Nike has taken a bold step with its latest advertising campaign, recruiting controversial former NFL star who was one of the first to kneel during the US national anthem before matches to protest movement against racial injustice in the country.
Former San Francisco 49ers quarterback Colin Kaepernick is the face of a new Nike campaign to mark 30 years of the “Just Do It” slogan.
Kaepernick was the first in a series of National Football League (NFL) stars to kneel during the US national anthem before matches.
The move came during the 2016 NFL season and was designed to draw attention to racism and police brutality.
The former American football star, who has not played in the NFL since early 2017, is suing the organisation – claiming that team owners have frozen him out to due to his activism.
The new Nike adverts, unveiled just days before the start of the 2018 NFL season, show a portrait of Kaepernick with the slogan: “Believe in something.

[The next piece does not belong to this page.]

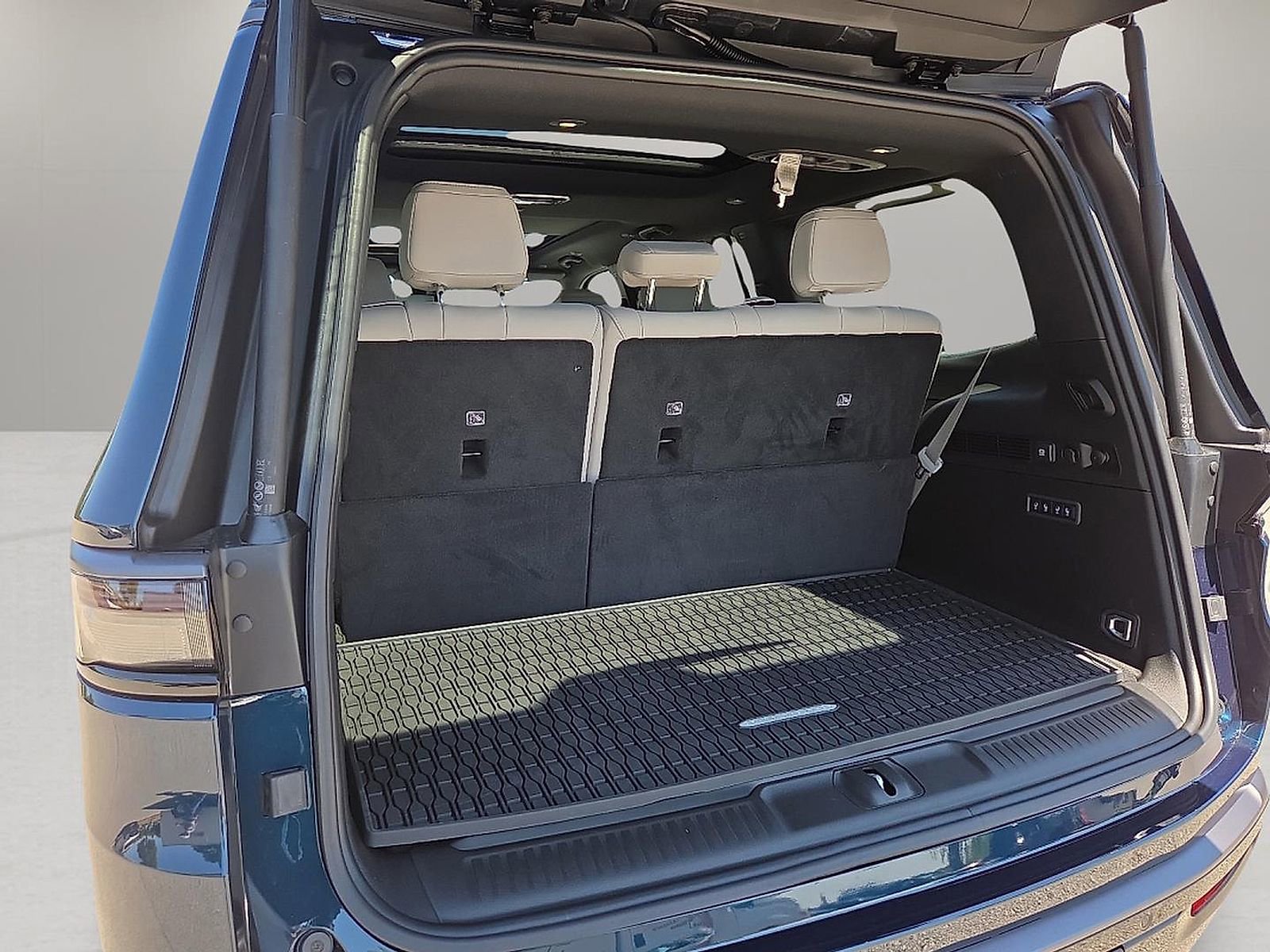 New 2026 Jeep Grand Wagoneer Limited AWD/4WD image 8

Even it means sacrificing everything.”
Kaepernick posted the advert from his Twitter account on Monday, along with the hashtag: “#JustDoIt”.
The protests have become a bitterly divisive issue among NFL fans after President Donald Trump waded into the controversy.

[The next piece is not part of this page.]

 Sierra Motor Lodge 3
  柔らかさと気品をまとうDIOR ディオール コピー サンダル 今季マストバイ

Trump described players like Kaepernick who knelt for the anthem as “sons of b******” who should be fired.
The president has repeated those criticisms frequently over the past year, even suggesting at one stage that protesting players “shouldn’t be in the country”.
Mr Trump cancelled a White House visit by the Philadelphia Eagles, this year’s Super Bowl champions, after several players indicated they would not attend following his criticism.

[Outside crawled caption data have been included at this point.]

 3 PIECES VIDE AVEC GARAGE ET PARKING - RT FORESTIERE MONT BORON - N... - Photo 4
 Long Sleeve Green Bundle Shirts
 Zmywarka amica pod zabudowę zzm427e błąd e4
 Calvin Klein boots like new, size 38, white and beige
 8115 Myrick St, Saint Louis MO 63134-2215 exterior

Following the controversy, franchise owners agreed a new policy that requires plays to stand for the national anthem if they are on the field.
Several players have used creative methods to skirt the law, such as raising their fists or placing their arm on a teammate’s shoulder.
Nike had kept Kaepernick, who signed a sponsorship deal with the company in 2011, on its payroll throughout the controversy of recent years, ESPN reported.
Gino Fisanotti, Nike’s vice president of brand for North America, was quoted by ESPN as saying: “We believe Colin is one of the most inspirational athletes of this generation, who has leveraged the power of sport to help move the world forward.”